HSBC ousted John Flint as chief executive after just 18 months in a shock move the chairman of Europe’s biggest bank said was needed to speed up progress on priority areas such as the turnaround of its US business.
The CEO’s exit was a result of differences of opinion with chairman Mark Tucker over Flint’s more tentative approach to cutting expenses and setting revenue targets for senior managers to boost profit growth, a person familiar with the matter said.
HSBC disclosed the departure of Flint, 51, alongside its half-year results on Monday as it forecast a gloomier outlook for its business, with an escalation of a trade war between China and the United States, an easing monetary policy cycle, unrest in its key Hong Kong market and Brexit.
HSBC, which makes more than 80 per cent of its profit in Asia, said that its global commercial banking unit head Noel Quinn will be interim chief executive.
Shares in HSBC, which fell nearly 14 per cent during Flint’s tenure, were down 1.7 per cent in London at 1111 GMT, even though it reported a 16 per cent rise in profit and a revealed a share buyback of up to $1 billion.
Flint, who previously ran London-headquartered HSBC’s retail and wealth management business, was chosen as CEO in February 2018 in the first major decision by Tucker, who told Reuters:
“It’s the right time for change, and doing it clearly and decisively from a position of strength is very important.”
A key difference with Tucker was over Flint’s efforts to turn around HSBC’s under-performing US business, the person familiar with the matter said. HSBC declined to comment.
Tucker, who became HSBC’s first externally appointed chairman when he joined HSBC’s board in late 2017, said that the search for a new CEO, which will include both internal and external candidates, could take up to a year.
HSBC will also cut around 2 per cent of its workforce or around 4,000 jobs this year as it seeks to reduce costs, Chief Financial Officer Ewen Stevenson said, adding it will pay out a total of around $650-700 million in severance costs and the reductions will be biased towards senior managers.
Flint’s exit also followed weeks of adverse Chinese media coverage over HSBC’s role in the arrest of Huawei Chief Financial Officer Meng Wanzhou.
China’s Global Times ran an editorial on Friday saying it ‘feels heat on Huawei CFO case’, suggesting HSBC had erred in cooperating with US authorities and it could face penalties.
“Our business operations in China continue as normal,” Tucker told analysts on a conference call when asked whether the bank faced blacklisting in China over the Huawei situation.

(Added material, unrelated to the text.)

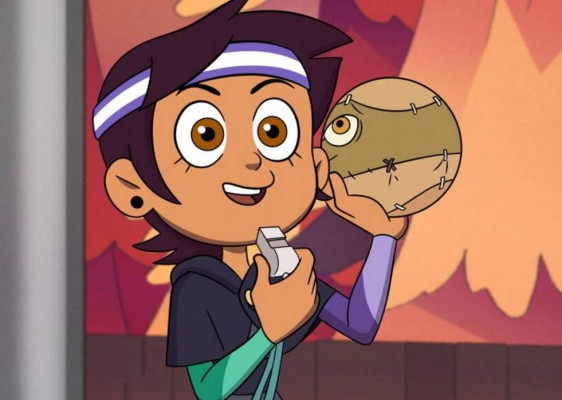 Personaje bisexual en 'Owl House' es una rareza para Disney&nbsp;&nbsp;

HSBC executives at the time of his appointment saw Flint as a safe pair of hands and a natural successor to mentor and previous CEO Stuart Gulliver.
Outlining his strategy in June last year, Flint set out plans to invest $15-$17 billion in the next three years in areas including technology and China.
“We have been uninspired by the ‘business as usual’ strategy,” analyst Ed Firth at broker KBW said.
“We suspect that any new CEO is still more likely to be internal, but will need a more dynamic approach to improving underperforming areas of the business,” he said.
HSBC said it no longer expects to achieve the targeted 6 per cent return on tangible equity (ROE) by 2020 in the US, where it has struggled for years to build scale and compete.
That missed US goal is still below the overall group aim of getting to more than 11 per cent ROE by 2020.
HSBC hired Citigroup veteran Michael Roberts in July to head its US business, in a renewed effort to turn it around.
The U.S business is not “getting the proper returns,” HSBC’s CFO Stevenson told Reuters, adding the unit has also been hit by the change in the monetary policy cycle.
HSBC’s investment banking business has also struggled in recent years as it lost a string of senior executives and saw US rivals cash in on booming domestic stock markets.
Revenues in HSBC’s global banking and markets division fell by 3 per cent in the first half compared with the same period last year.
HSBC’s pretax profit for the first six months of 2019 rose to $12.41 billion from $10.71 billion in the same period a year earlier, helped by a surge in retail banking and Asia revenues.
“Interest rates in the US dollar bloc are now expected to fall rather than rise, and geopolitical issues could impact a significant number of our major markets,” HSBC said.
The U.S.-China trade war has taken its toll on trade-focused banks like HSBC and rival Standard Chartered, which last week warned of an impact on its business customers from the escalating tensions.